The real culprit’s not talking. But he knows the truth. What do you do? Without evidence, you can’t be sure who’s at fault. So you do your best to teach the importance of telling the truth, not hiding it. You hope the lesson sticks.

Unfortunately, many of us adults haven’t learned the lesson very well. That’s why the truth is so precious, when you can find it.

After Joe Wilson “lost his cool” and shouted, “You lie,” during the President’s speech to the Congress a few weeks ago on national television, he apologized. The whole focus seemed to be on how Wilson was rude; he violated Senate protocol. The question of whether the President told the truth or not was left hanging, for the most part. Since so many proposed bills were floating around at the time, it’s hard to know one way or the other. It’s kind of like the kids breaking the plate. The truth is hiding somewhere.

With this in mind, we’re going to look at some other areas where the truth hides. So we’ll leave the kids, the congressman and the president and move on to:

  • What kind of shape are our banks in…really?
  • The Bailouts of 2008: Surprising Facts Behind the Scenes
  • Which economists can you really trust?
  • What Makes Fall So Special?

 

The Banks: What kind of shape are they in…really?

Bank failures have picked up this year. You don’t hear much about it. Instead we hear about banks that don’t need any more government help.

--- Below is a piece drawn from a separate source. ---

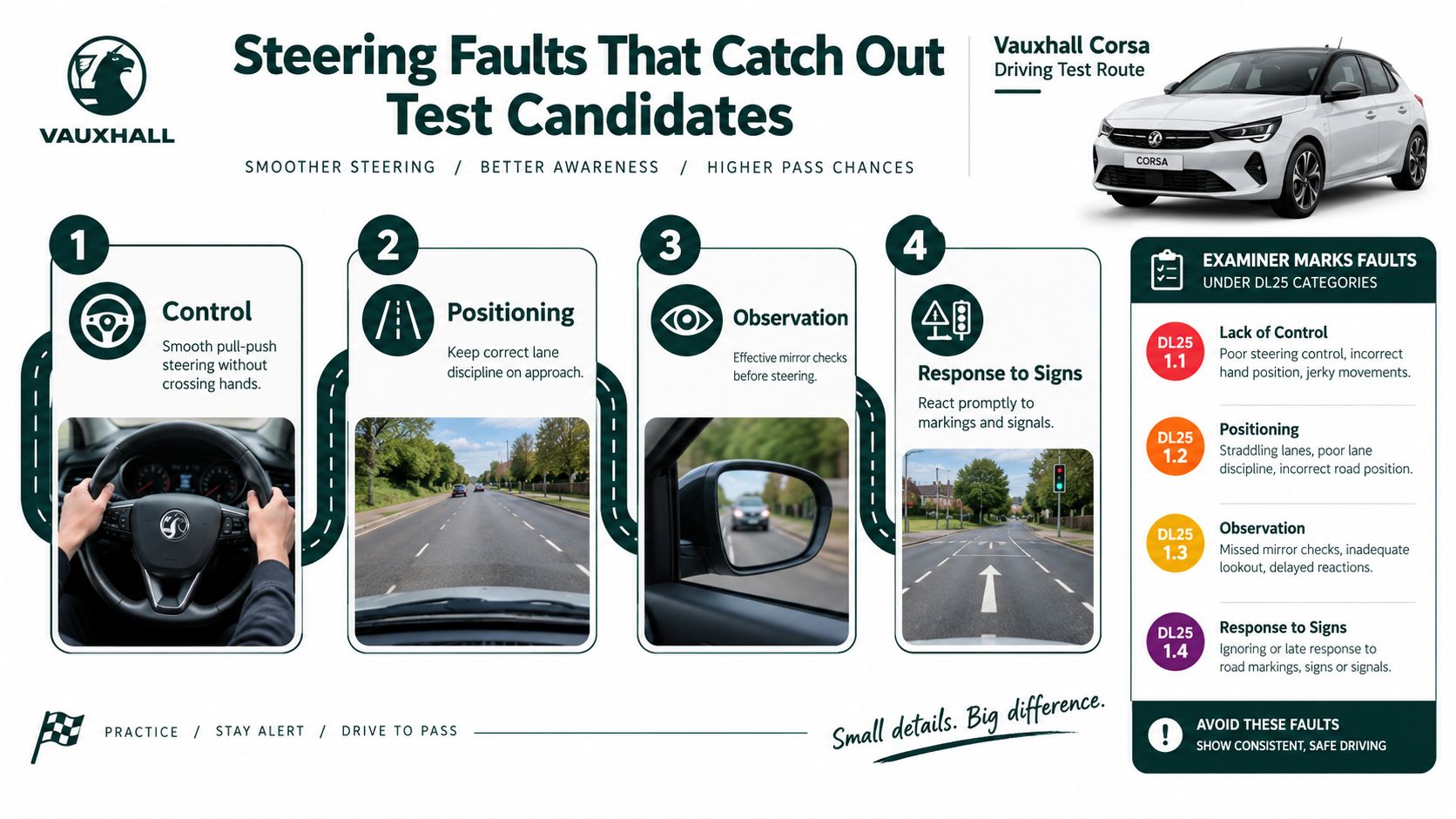 An infographic titled Steering Faults That Catch Out Test Candidates featuring tips for safer driving.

Bank stocks are soaring. The government assures us things are so much better now.

But when we came across this 1931 telegram, we wondered whether maybe someone’s hiding something. Read it over carefully. If you think this administration, or the last one, or the one before that were setting some sort of precedent in “misleading” the American people, maybe this will set you straight.

 

 

(We found this at http://www.voxeu.org/index.php?q=node/3703. It comes from the U.S. Treasury archives.)

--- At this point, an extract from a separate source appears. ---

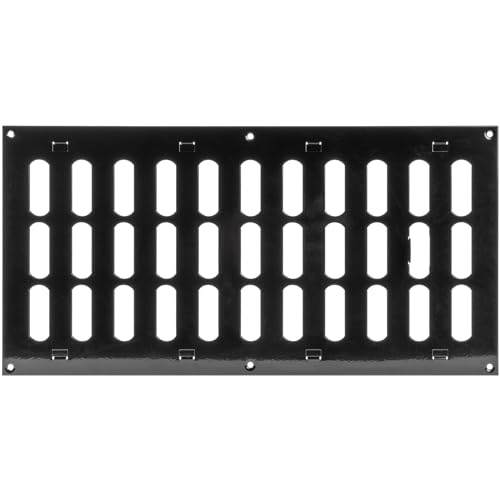 Repa Market 40 x 20 cm (Außenmaße) Rechteckig Metall Schwarz Lüftungsgitter verstellbar - Einstellbar Belüftung Gitter Abdeckung für Innen und Aufen - Lüftungsgitter verschließbar 400 x 200 mm von Repa Market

In 1931, the Treasury Department told bank examiners “leniency consistent with proper regard for public interest should be extended.” We suppose the government was trying to reassure the public about the health of banks.

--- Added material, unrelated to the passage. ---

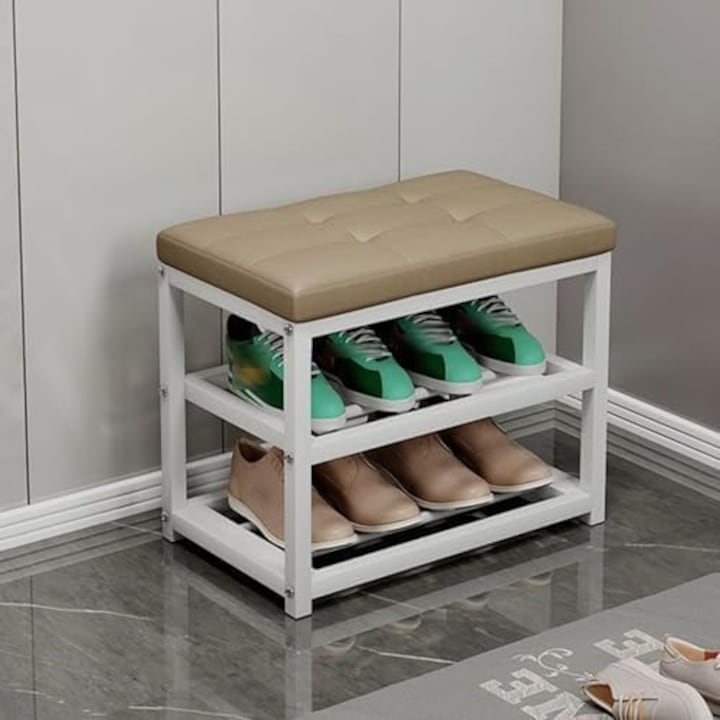 Пейка за съхранение с подплатена седалка и метален рафт, 3-етажен шкаф за обувки, естествено бежово, 50x45x30 см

Two years later, 4,000 banks failed and the new President, Franklin Roosevelt, had to close all banks for a few days to stop the chaos of the bank runs that had exploded around the country.

What about our banks today? Are they improving as both the government and the stock market are telling us? Or are we being “reassured” again, consistent with a “proper regard for public interest”?

For part of the answer, let’s turn to John Mauldin atwww.frontlinethoughts.com. He quotes a report by International Risk Analytics, a respected firm that charges a lot of money to analyze banking and individual banks. They break down the number of banks that are on schedule to fail over the next couple of years, as well as how much money is involved.

At least 1,000 banks will either fail or be “merged” with other banks, costing anywhere from $300 billion to $800 billion – staggering numbers. (Click here for more details.)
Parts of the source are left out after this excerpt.